Task inputs:
=== Begin Enclosure ===

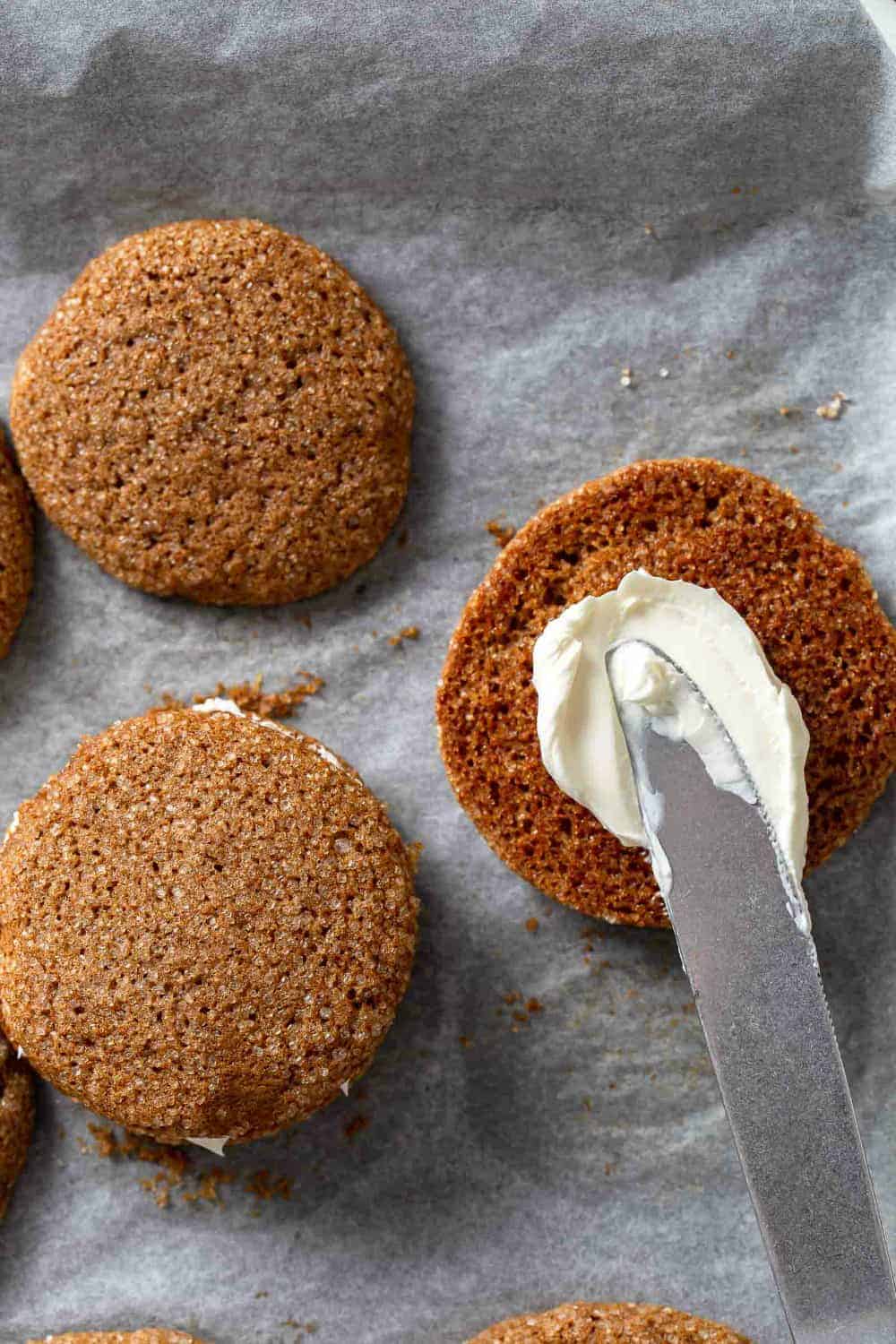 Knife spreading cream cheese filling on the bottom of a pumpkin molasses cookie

=== End Enclosure ===
=== Begin Enclosure ===

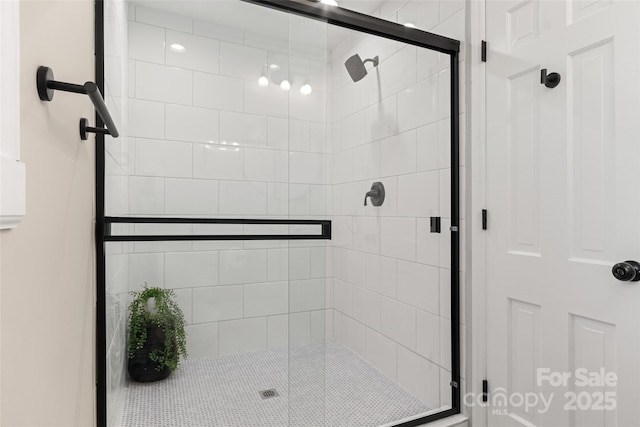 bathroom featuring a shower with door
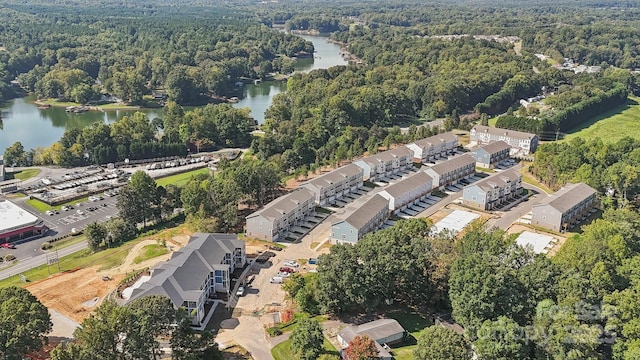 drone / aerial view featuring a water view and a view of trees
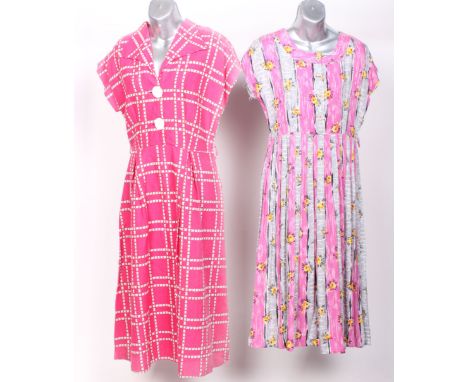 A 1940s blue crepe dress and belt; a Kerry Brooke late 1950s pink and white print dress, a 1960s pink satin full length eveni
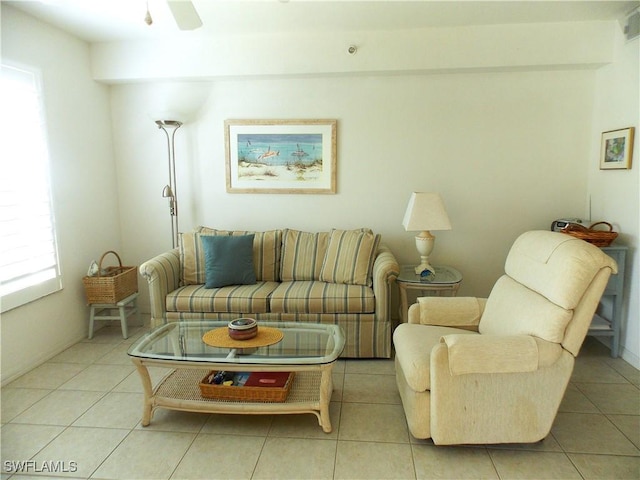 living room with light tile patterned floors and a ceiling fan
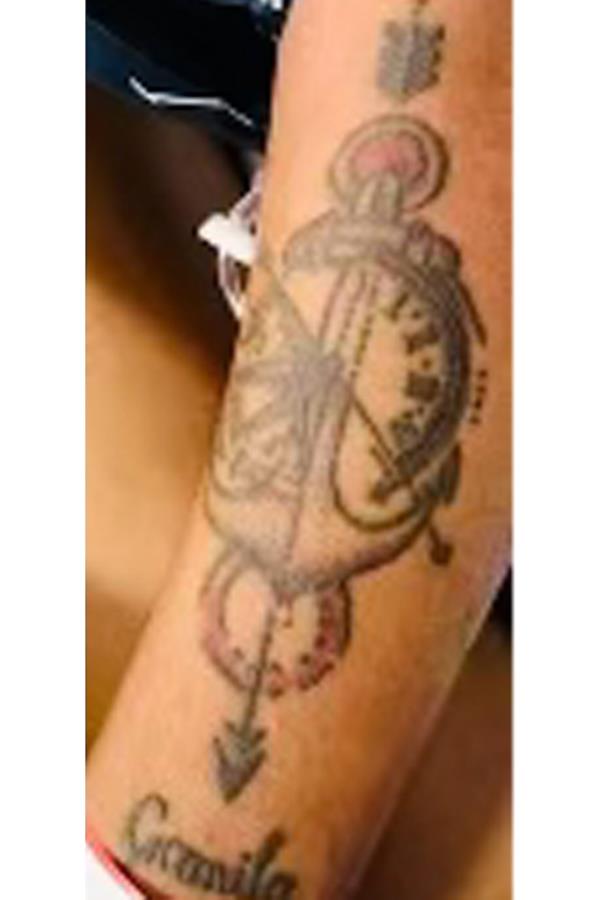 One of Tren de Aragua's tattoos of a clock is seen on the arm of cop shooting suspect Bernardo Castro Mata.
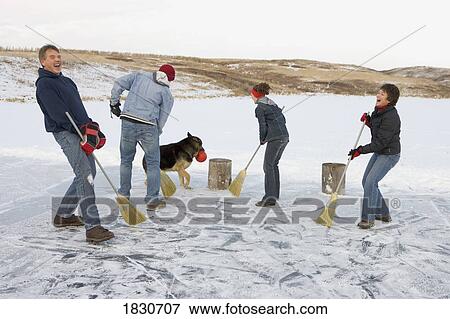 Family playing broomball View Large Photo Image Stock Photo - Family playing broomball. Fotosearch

=== End Enclosure ===
=== Begin Enclosure ===

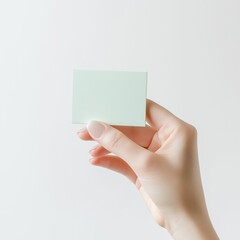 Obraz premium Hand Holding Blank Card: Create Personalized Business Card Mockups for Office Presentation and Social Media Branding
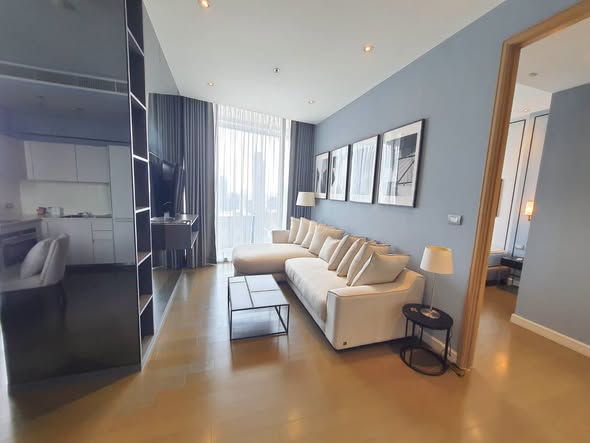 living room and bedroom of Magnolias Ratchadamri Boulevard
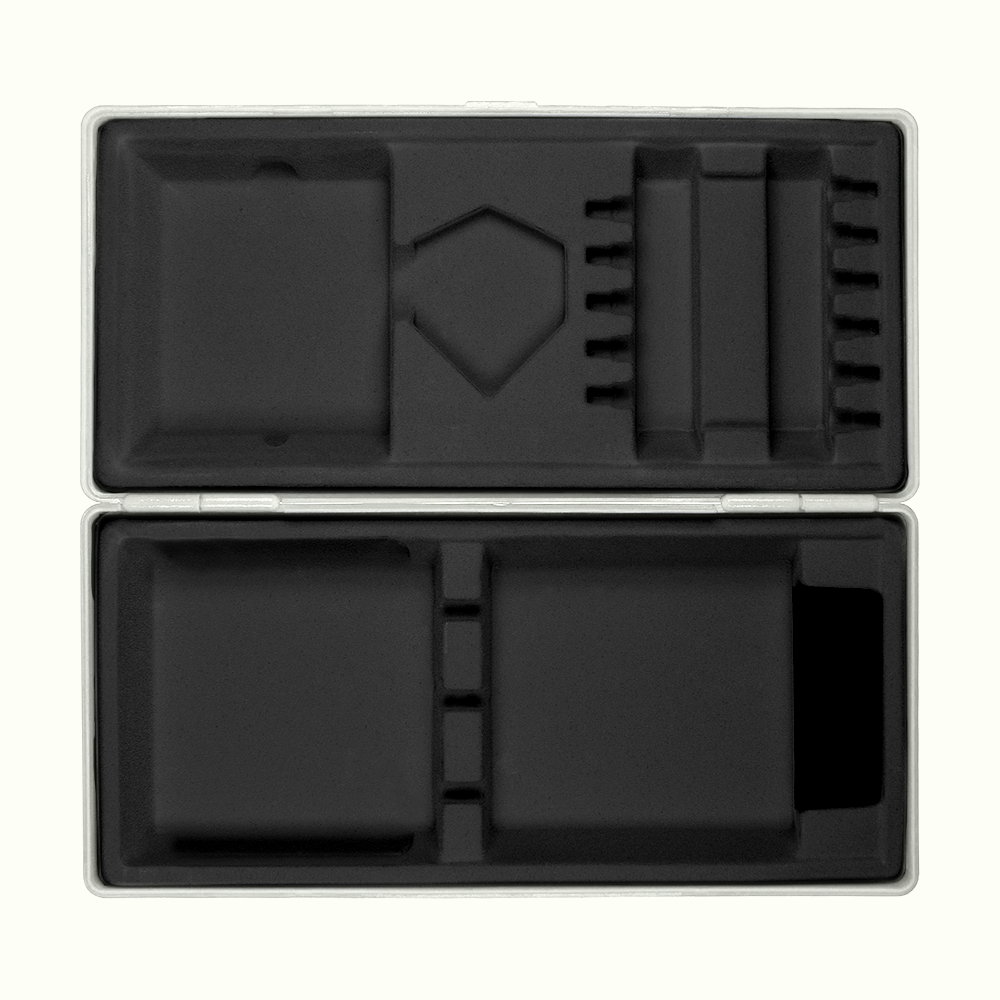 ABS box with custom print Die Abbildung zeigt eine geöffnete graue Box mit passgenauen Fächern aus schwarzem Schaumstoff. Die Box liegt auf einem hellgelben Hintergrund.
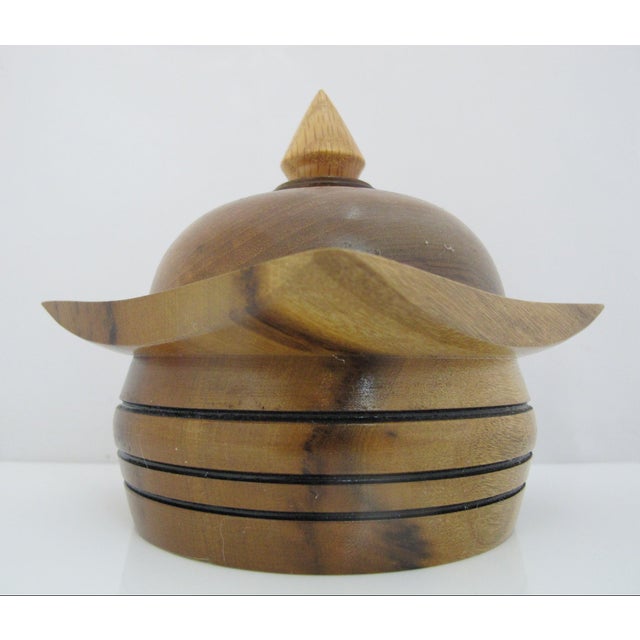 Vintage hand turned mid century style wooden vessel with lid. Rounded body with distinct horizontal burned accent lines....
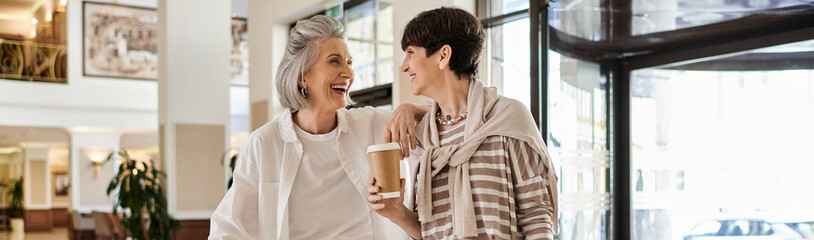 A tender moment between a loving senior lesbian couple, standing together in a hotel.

=== End Enclosure ===

What is being asked:
Output exactly, and only, the lines of the entries above from the one with "A 1940s blue" up to and including the one with "Family playing broomball View"; pictures are to be left out.

Output for this exercise:
 A 1940s blue crepe dress and belt; a Kerry Brooke late 1950s pink and white print dress, a 1960s pink satin full length eveni
 living room with light tile patterned floors and a ceiling fan
 One of Tren de Aragua's tattoos of a clock is seen on the arm of cop shooting suspect Bernardo Castro Mata.
 Family playing broomball View Large Photo Image Stock Photo - Family playing broomball. Fotosearch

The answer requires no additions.